Et son avenir, à Miguel Duhamel? «Il y a des possibilités pour participer à des épreuves d'endurance, peut-être aux 24 Heures du Mans Moto l'an prochain», dit l'intéressé.

On le lui souhaite. Après cet incroyable retour.

Photo fournie par FIM/Good Shoot!

Miguel Duhamel

Les balbutiements d'une industrie

La moto électrique de compétition en est à ses balbutiements. Les bolides qui participent à l'un des deux championnats internationaux - le TTXGP et le FIM e-Power - sont des prototypes, dont certains sont appelés à être commercialisés. En attendant, le travail de mise au point se poursuit.

«Un intense travail a été fait sur le châssis au cours des dernières années. La plupart des équipes font leur propre châssis pour mieux intégrer leur bloc-batterie. L'allègement et la compacité du châssis étaient les principaux objectifs pour parvenir à une meilleure stabilité et à une meilleure manutention de la moto. Le poids a diminué, l'aérodynamisme a été amélioré», explique Oriol Gallemi, directeur technique du championnat international FIM e-Power.

Les blocs-batteries utilisés par les équipes sont évidemment tous composés de lithium. Peu importe l'élément avec lequel le lithium est associé, chacune des équipes tâtonne encore pour améliorer l'autonomie et la performance des motos. Les équipes ont le plus souvent recours à des batteries d'une capacité supérieure à 12 kWh.

La moto électrique de compétition est de plus en plus crédible auprès des pilotes chevronnés. Cette année encore, «tous les nouveaux pilotes ont été frappés par la simplicité du contrôle et la sensation de couple à l'accélération», affirme Oriol Gallemi.

En matière de performance pure, Miguel Duhamel a constaté que sa Lightning avait une autonomie en course d'environ 45 km à pleine puissance. Il a atteint une vitesse de pointe de 270 km/h. «La Lightning Motorcycle est la meilleure moto électrique de compétition à l'heure actuelle», dit-il.

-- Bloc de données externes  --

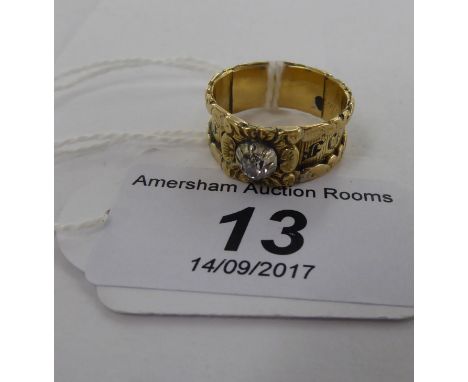An 'antique' cast and engraved, diamond set, gold coloured metal mourning ring       11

Photo fournie par FIM/Good Shoot!

Cohabitation de compétitions

La première compétition de moto «zéro émission» au monde, le championnat TTXGP ou eGrandPrix, indépendant de toute fédération, a été lancée en 2009. Il n'en fallait pas plus pour que la Fédération internationale de motocyclisme (FIM) lui emboîte le pas un an plus tard en créant son propre championnat. Les deux compétitions cohabitent depuis ce temps.

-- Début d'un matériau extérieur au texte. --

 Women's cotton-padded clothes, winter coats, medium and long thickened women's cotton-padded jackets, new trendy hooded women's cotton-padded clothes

Aucune des deux compétitions n'a réellement le statut de championnat du monde, essentiellement en raison du faible nombre de participants, même si le TTXGP a pris de l'expansion en 2010 lorsqu'il a décidé de scinder son aire d'influence en zones géographiques. L'Australie, l'Amérique du Nord et l'Europe ont ainsi leur propre «championnat régional». Les huit meilleurs au classement général disputent une finale mondiale le temps d'une fin de semaine. Cette année, elle a lieu sur le circuit de Daytona, du 19 au 21 octobre.

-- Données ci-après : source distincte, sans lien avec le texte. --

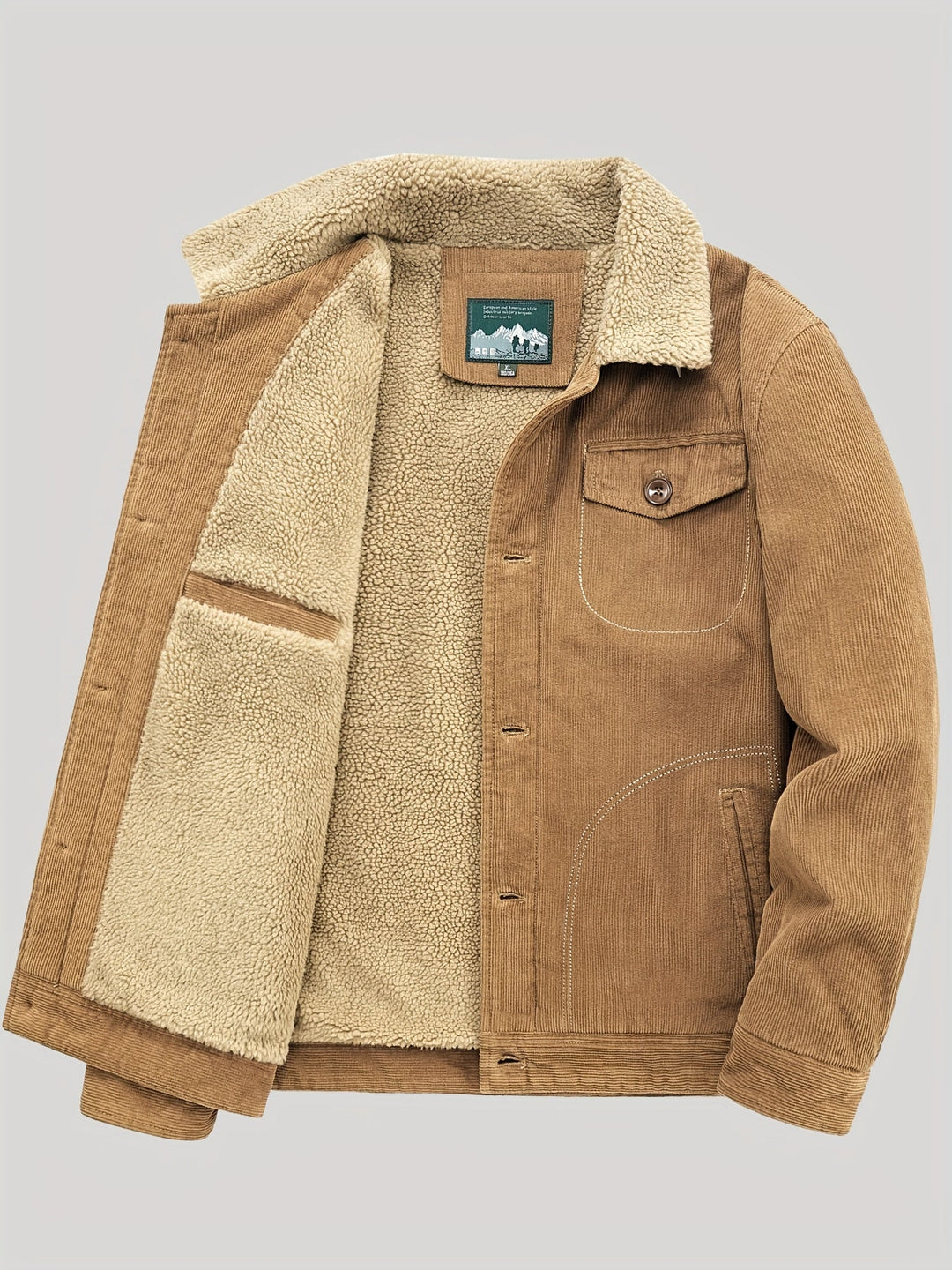 Veste d'extérieur légère en polaire chaude avec boutons et poche poitrine pour hommes | Parfait pour les activités de plein air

Le championnat international FIM e-Power, organisé par la FIM, compte cinq courses au calendrier. Depuis l'an dernier, des pilotes du TTXGP participent à trois des cinq courses. Miguel Duhamel, pilote d'une équipe du TTXGP lors de la toute dernière épreuve du championnat de la Fédération, a remporté cette course en septembre au Mans.

Une fusion des deux compétitions est-elle envisageable? «Pour l'instant, il n'y a rien de fait pour avoir un championnat commun. Mais on n'est pas en concurrence non plus», répond Isabelle Larivière, attachée de presse de la FIM.